■ Supplied information ■
--------------------------------
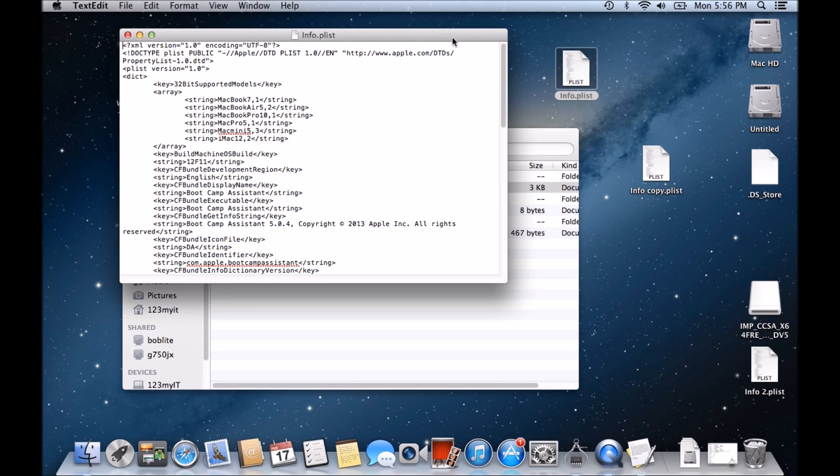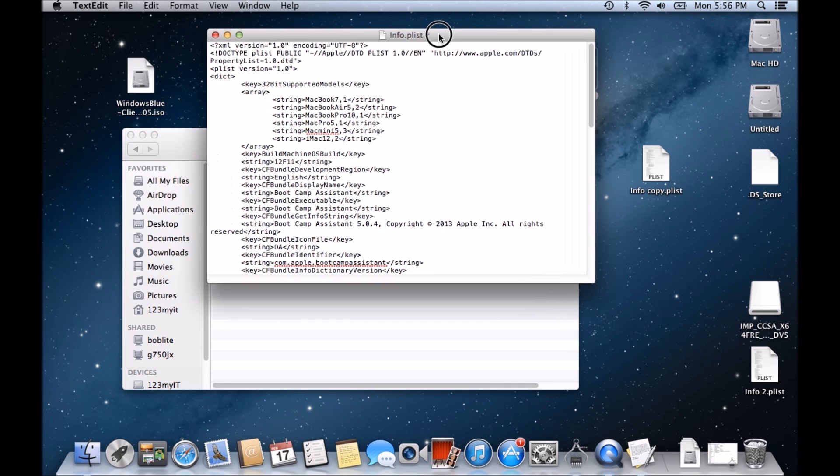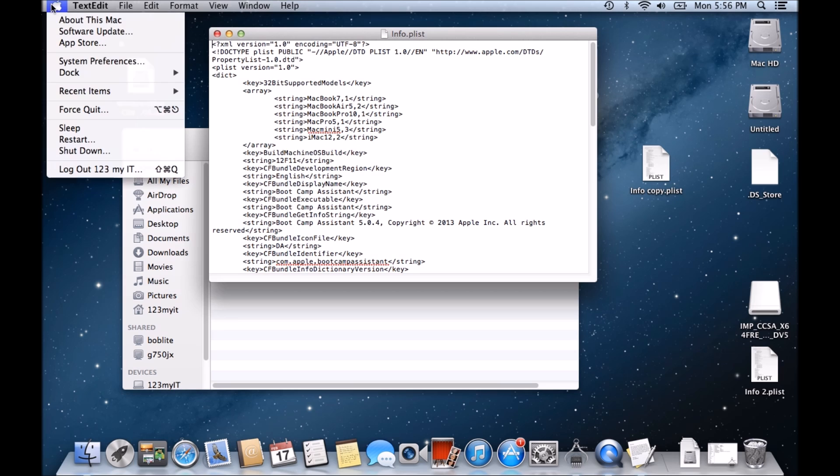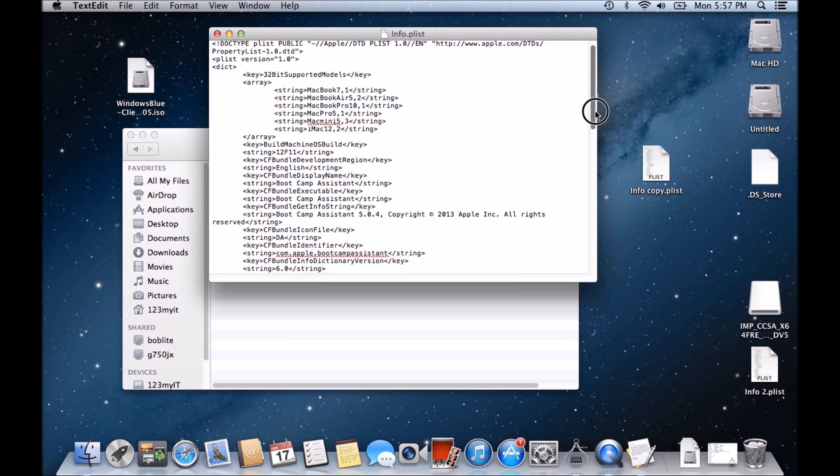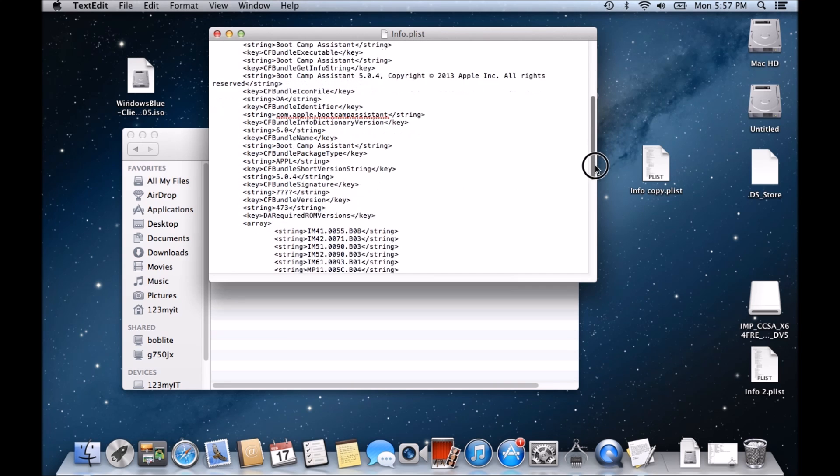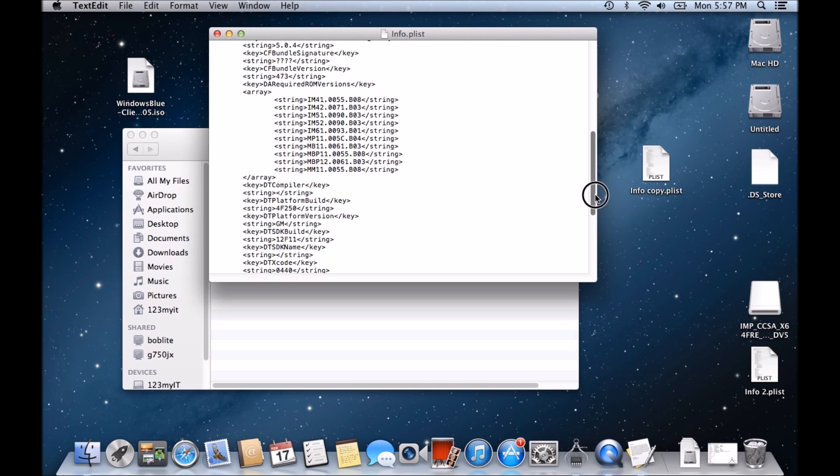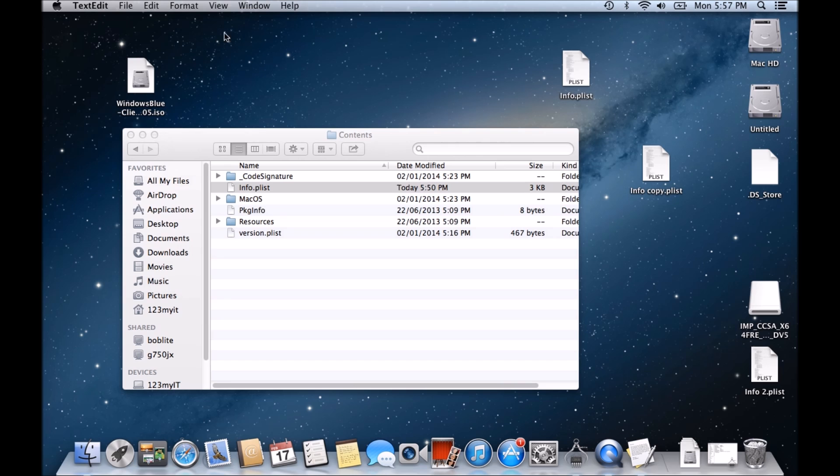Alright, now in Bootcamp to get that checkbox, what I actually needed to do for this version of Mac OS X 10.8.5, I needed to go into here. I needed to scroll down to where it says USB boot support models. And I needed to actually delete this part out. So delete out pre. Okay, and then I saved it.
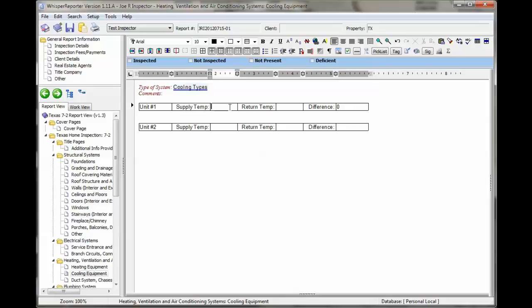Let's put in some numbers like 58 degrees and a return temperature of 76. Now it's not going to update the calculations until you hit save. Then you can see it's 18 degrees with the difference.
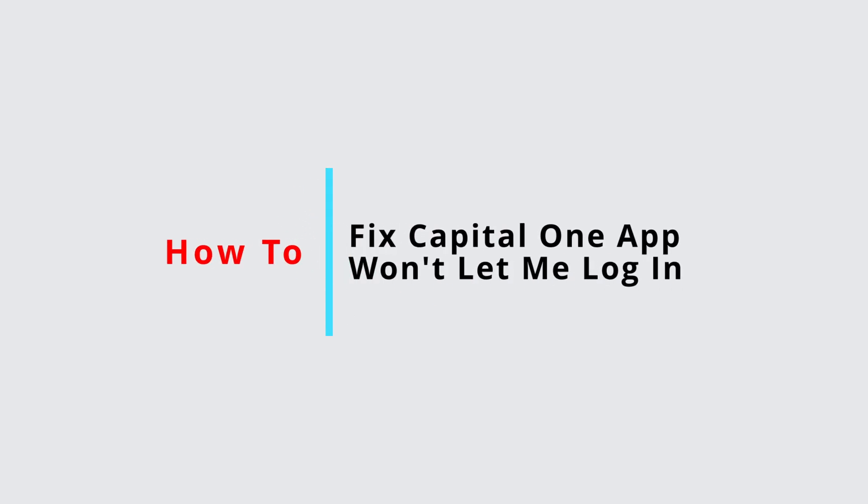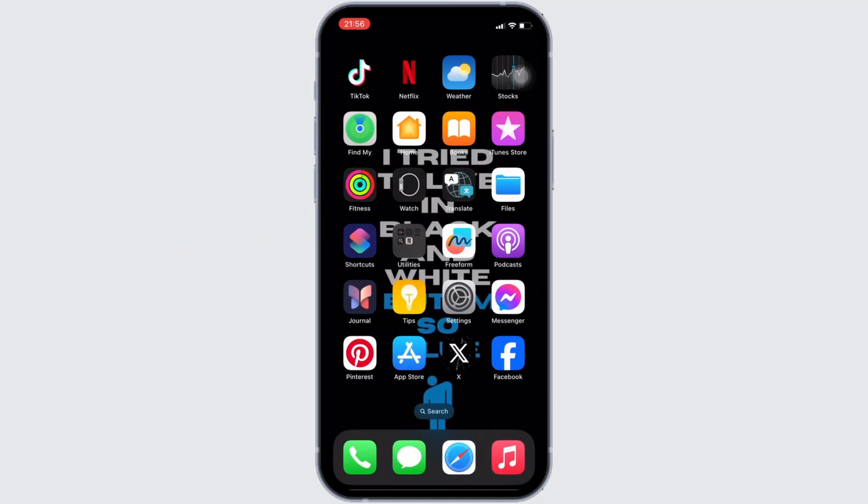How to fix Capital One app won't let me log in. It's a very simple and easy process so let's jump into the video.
--------------------------------
Leave out the pictures and give the listing above again exactly.

■ Written solution ■
Alright, now in Bootcamp to get that checkbox, what I actually needed to do for this version of Mac OS X 10.8.5, I needed to go into here. I needed to scroll down to where it says USB boot support models. And I needed to actually delete this part out. So delete out pre. Okay, and then I saved it.
Let's put in some numbers like 58 degrees and a return temperature of 76. Now it's not going to update the calculations until you hit save. Then you can see it's 18 degrees with the difference.
How to fix Capital One app won't let me log in. It's a very simple and easy process so let's jump into the video.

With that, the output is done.